Last Thursday, the DI visited the SMU campus, invited not by any of the science departments at SMU but rather by a campus religious group. They engaged not in debate, but in a panel discussion of their own movie, “Darwin’s Dilemma.” Like the false reality in “The Matrix,” “Darwin’s Dilemma” is carefully constructed to approximate a science documentary. But just as the Matrix lacks actual free will, “Darwin’s Dilemma” lacks the most important things in science: evidence, hypothesis, and experiment. In short, while “Darwin’s Dilemma” is well-produced, well-spoken, and highlights some very interesting challenges to Darwin’s original formulation of evolution, it fails to note that since Darwin’s original work . . .
- The discovery of genetics by Mendel, and development of the science of genetics, explains how traits are passed from parent to child and also explains how it takes very little energy and time to develop a new and potentially useful mutation (e.g. the HOX gene ). Evolution predicted the existence of such a mechanism, but Darwin could not learn of it before his own death.
- the measurement of the age of the earth confirmed that there was plenty of geologic time for evolution to occur. The discovery of punctuated equilibrium showed how rapid periods of explosive change (as due to the introduction of significant fuel or food sources, as at the beginning of the Cambrian Explosion) are a natural part of evolution.
- the discovery of macroscopic (e.g. Tiktaalik ) and microscopic evolution (e.g. disease) demonstrated small and large-scale evolution and transitional forms, as predicted by Darwin’s original formulation.
The event lasted over 3 hours, and since the panel held questions to the very end only about four questions were asked. Reporting on the event by the SMU campus newspaper faithfully regurgitated only what the Discovery Institute members presented in their argument. The Daily Campus presented no background information on the subjects under discussion, even though SMU science faculty are freely available for consultation . A diverse group of SMU science, philosophy, and history faculty then printed a letter in the newspaper in response to the event. They appealed to the wisdom of the SMU student body, something which the DI besmirched by hocking their sham.
As Prof. Ron Wetherington pointed out in a special lecture last Wednesday, prior to the event, the members of the DI were there not to make a scientific appeal (after all, no science organization invited them nor were any departments invited to participate in the event). They were there to pump up their local base – for instance, area churches that find evolution offensive instead of uplifting – ahead of fights about stereotypical conservative versus liberal American views this November.
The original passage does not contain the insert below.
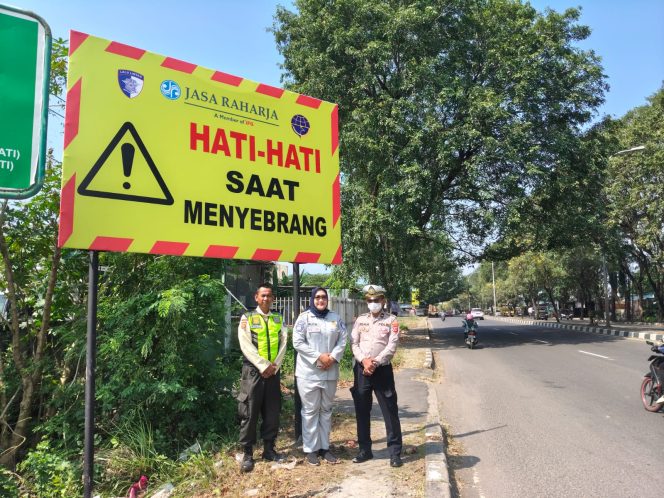 
					Meningkatkan Keselamatan Berkendara, Jasa Raharja Cabang Cirebon Pasang Rambu Himbauan Keselamatan Lalu Lintas di Wilayah Cirebon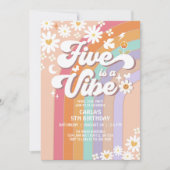 Five ist ein Vibe Daisy Rainbow Groovy Retro Einladung (Vorderseite)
It’s not a good idea, therefore, to view this as a scientific event, or try to make scientific arguments to persuade people.
So instead, here are my opinions about this whole event and the views of the DI. People of faith, who truly believe in the breadth and brilliance of God, should be offended by the cheap vision of God offered by Intelligent Design. Should God be relegated to the role of a hobbyist tinkerer, making a flagellum here or a race of intelligent apes there? Should God be given only the realm of the gaps in our knowledge, stuffed into a tiny crack in the vast expanse of human knowledge? No! Why can’t God be responsible for the development of a set of fundamental laws of nature, elegant and powerful in their simplicity, thus establishing a fundamental plan for the whole of creation? Why can’t God be great and wise? Why can’t He have the wisdom of quantum field theory and the courage of statistics? Why must He only be responsible for the things we don’t know?
Every time I look at Maxwell’s Equations (especially in four dimensions), I catch a glimpse of the mind of God. When I think about space-time, I see the cloth that was woven into our universe. When I think about the big bang, or the asymptotically free dance of the quarks, I see a moment of genius that became the vast and complex fabric of our lives. When I see the genetic code of a chimpanzee and think about how a series of small gene activations and the black swan of the lucky benefits of those mutations became the tool-making, self-contemplating human race, I am gladdened by the majesty and subtlety of evolution (and statistics!).
I embrace the laws of nature, and I am happy to believe that these were writ by God to set the universe in motion. Nothing in my experience says it had to be otherwise, nor does this belief prevent me from looking in dark places where human knowledge has not penetrated. I do not fear filling the gaps, because my God is not forced to live in them. I do not accept the false science of Intelligent Design, because it offers me no means to test its cheap ideas and no satisfying predictions to pit against evolution. It’s hollow theologically and hollow scientifically. So what is it, really?
When presented with the slick polish of the DI’s vision, indulge in your unique ability to reason. Do so by checking their argument for evidence in favor of their idea, rather than against evolution. Ask them for proposed experiments that would help to discriminate between something that’s just unlikely or actually impossible. Ask them if they believe God can only live in the gaps, trapped like a rat. Ask them if peer-reviewed, published work preceded their production of “Darwin’s Dilemma” (just as peer-review, published scientific work precedes an episode of NOVA) or if they made the video because they chose not to publish their ideas. Ask them why they bring religion into conflict with science by creating specific cases where you have to choose between God and science. Ask if their published papers were reviewed by independent scientists or other members of the DI.
Most fundamentally, simply remember this when it comes to Intelligent Design: do not try to bend the spoon – that’s impossible . . . instead, try to realize the truth: there is no spoon.
 To the SMU Daily Campus’s credit, they do recommend Prof. John Wise’s biology class as a “must take” before you graduate (http://www.smudailycampus.com/opinion/classes-you-must-take-before-you-graduate-1.1654568).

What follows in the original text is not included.